Professional liability insurance for lawyers does two things. First, it covers liability to clients for malpractice, meaning it provides funding to pay a settlement or judgment (indemnification). Second, it funds the defense of claims, meaning it pays the lawyers who represent the insured lawyer on the malpractice claim, and costs of litigation, including expert witness fees.
The policy provides a maximum stated amount of coverage (policy limits). Many insurance policies are "wasting policies." This is a policy in which the resources used to fund the defense of a lawsuit are subtracted from the policy limits available to pay a claim through settlement or after a judgment. For instance, under a wasting policy with limits of $1 million, if $250,000 is spent paying attorneys to defend the insured lawyer, and the plaintiff wins, there would be only $750,000 of insurance proceeds available to pay a $1 million judgment (the difference would need to be made up from the lawyer or law firm's own assets).
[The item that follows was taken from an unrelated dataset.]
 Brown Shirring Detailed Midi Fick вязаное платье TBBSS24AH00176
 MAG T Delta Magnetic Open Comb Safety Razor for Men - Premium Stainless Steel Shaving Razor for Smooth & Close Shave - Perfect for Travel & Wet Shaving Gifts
However, often even wasting policies provide an allowance for defense fees and costs before the policy starts to waste - for instance, $50,000.
Other policies extend this concept of allowance by providing separate indemnification and defense cost limits. For instance, the policy might provide $2 million in indemnity coverage and an additional $1 million in defense costs.
Some professional liability policies are "consent policies,” which provide that the insured attorney's consent is required for any decision to settle the claim (though such consent may not be "unreasonably withheld"). Sometimes this can be a game changer, depending on the personal dynamics of the case. An insurer might be willing to settle, but an attorney who has strong personal feelings about the case and his reputation might resist. Unless such resistance is deemed contractually "unreasonable" by the insurance company, this kind of obstinacy could hold up what might otherwise be a good settlement for the plaintiff. Often the situation is the reverse, whereby the client gives authority to settle within a particular amount (sometimes even for policy limits) but the insurer, under the guidance of defense counsel's appraisal of the case, may decide to gamble and go to trial.
The effective amount of coverage available to pay a claim may exceed the stated policy limits in situations where the insurance company unreasonably refuses to settle. Often plaintiff's counsel will make a written offer at or below policy limits, even if he or she does not expect that the offer will be accepted, in order to set up the insurance company for a claim by its insured for unreasonably failing to settle. (Failing to reasonably settle exposes the insured lawyer to liability if a later judgment exceeds the policy limit.) The intention is for the plaintiff to take assignment of the defendant lawyer's claim against his own insurance company for that excess, resulting in an effective expansion of resources available to pay the claim.